Wardle passed the data to ZDNet.

We verified that the data belonged to Mega, the file-sharing site formerly owned by internet entrepreneur Kim Dotcom by contacting several users, who confirmed that the email address, password, and some of the files we showed them were used on Mega.

The listings date back to the cloud service's debut in 2013, and as recently as January.

We sent the data to Troy Hunt, who runs data breach notification site Have I Been Pwned, to analyze. His analysis pointed to credential stuffing -- where usernames and passwords are stolen from other sites and ran against other sites -- rather than a direct breach of Mega's systems. He said that 98 percent of the email addresses in the file had already been in a previous breach collected in his database.

Some 87 percent of the accounts in the Mega file were found in a massive collection of 2,844 data breaches that he uploaded to the service in February, said Hunt.

Of those we contacted, five said that they had used the same password on different sites.

When reached, Mega chairman Stephen Hall also said the exposed credentials pointed to credential stuffing, and not a breach.

He said in an email that the list is "only 0.0001 percent of our 115 million registered users."

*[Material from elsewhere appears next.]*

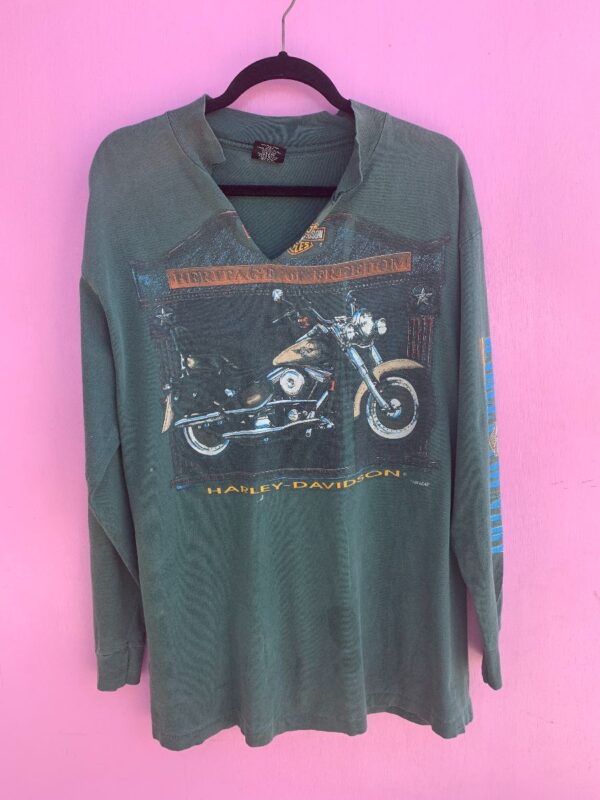 product details: DISTRESSED HARLEY DAVIDSON MOTORCYCLE HERITAGE OF FREEDOM LONG SLEEVE T-SHIRT W/ CUT NECK AS-IS photo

It's not known who compiled the list or how the data was scraped. Although the site claims to offer end-to-end encryption so that even the company can't see what is uploaded, the site doesn't allow for two-factor authentication -- making it far easier to break into accounts when a user's account password leaks. An attacker would only need to use the credentials to log in to each account to confirm they work, and to scrap the file names.

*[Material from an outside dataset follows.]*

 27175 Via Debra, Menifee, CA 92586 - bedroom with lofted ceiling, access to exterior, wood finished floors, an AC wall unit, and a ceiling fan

Hall said the company plans to introduce two-factor authentication "soon," but did not say when.

Mega keeps a record of the IP address of each user who logs in to an account. Three users said they saw suspicious logins accessing their account from countries in Eastern Europe, Russia, and South America in the past few months since the credentials file was uploaded.

One of the accounts in the file contained file listings for what appeared to describe child abuse content. Given the nature of the account's content, ZDNet informed the authorities.

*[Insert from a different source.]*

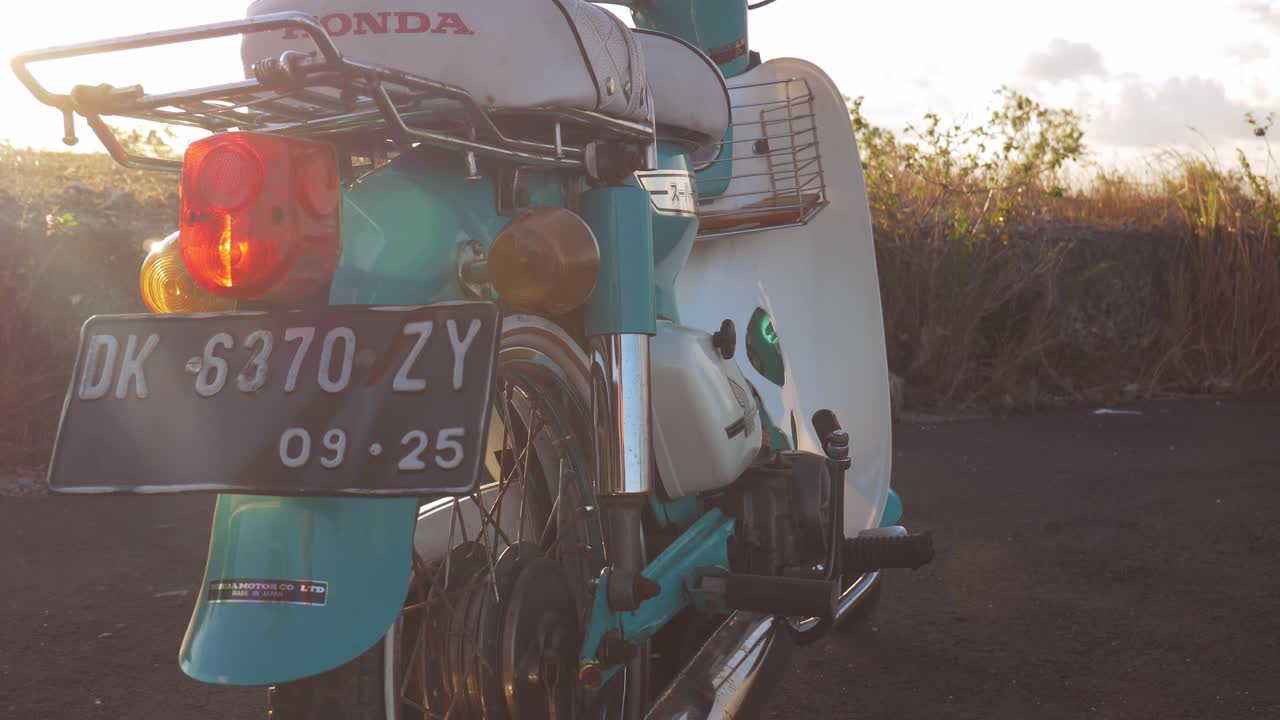 Rear view of a vintage Honda motorcycle at sunset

In a reply to our email, Hall said it was "unclear" if the child abuse content was uploaded by the original account owner or if it was uploaded by someone else using the account as an anonymous drop box.

But the illegal content was uploaded years earlier, according to upload dates on the file listing, making any recent third-party involvement unlikely.

"Mega has zero tolerance for child sexual abuse materials," said Hall. "Any reports result in links being deactivated immediately, the user's account closed and the details provided to the authorities."

"Mega can't act as censor by examining content as it is encrypted at the user's device before being transferred to Mega," he said. "As well as it being technically impossible, it is also practically infeasible for Mega and other major cloud storage providers, with 100s of files being uploaded each second."

It's not the first time Mega has faced security issues. In 2016, hackers claimed to obtain internal Mega documents. Hall said at the time that no user data was compromised.